Being part of Meaningful Meals can provide home chefs like Sakina and Khadija with a monthly income of up to 700 MYR (roughly $170), which seems like a small amount, but contributes greatly toward the family’s rent and groceries. Since Ms. Das’ setup is small – indeed, it is only herself, along with co-founder Shazwan Sahabudeen based 200 miles north in Penang – there is no overhead, and the money goes directly and entirely to the chefs.
There are many people with the intention to do good, who just need to be pointed in the right direction, Ms. Das says. Her support comes in the form of friends and sponsors like Stacy Blattner, an American expat in Kuala Lumpur, who calls Ms.

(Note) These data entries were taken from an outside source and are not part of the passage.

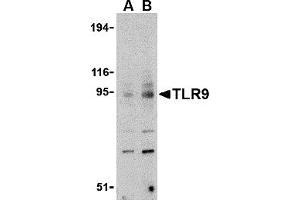 Western Blotting (WB) image for anti-Toll-Like Receptor 9 (TLR9) (C-Term) antibody (ABIN1030747) (TLR9 anticorps  (C-Term))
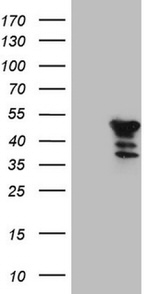 CIAPIN1 Antibody in Western Blot (WB)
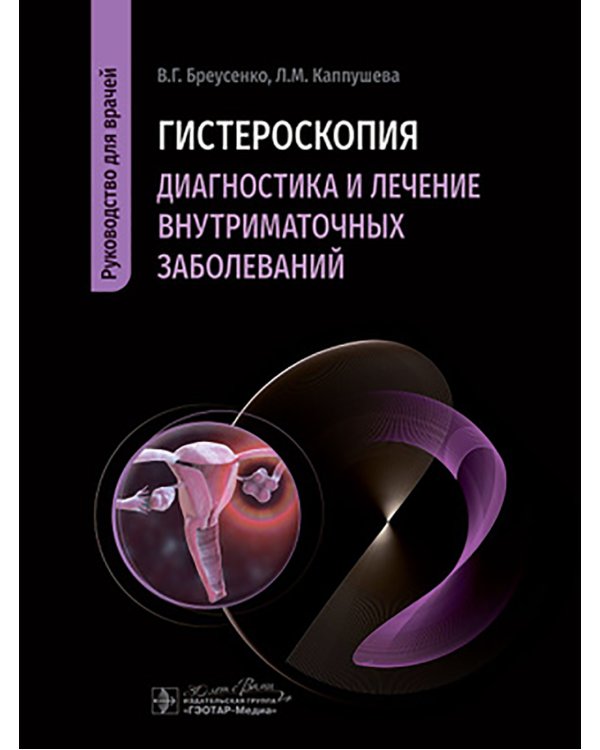 Гистероскопия. Диагностика и лечение внутриматочных заболеваний: руководство для врачей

Das a superwoman for all she does single-handedly.
“She is passionate and compassionate about her work and the people she works with,” Ms. Blattner says. “Also, I know exactly where my money is going – and I can already see the impact it is having.”
A month after Julie’s visit to Khadija’s house, Ali Reza sends out a taped video message to a small group of Greater Action champions, telling them about what he has learned in school lately. Khadija’s voice cracks when she says, “Without Julie, even my children would not be able to go to school here.”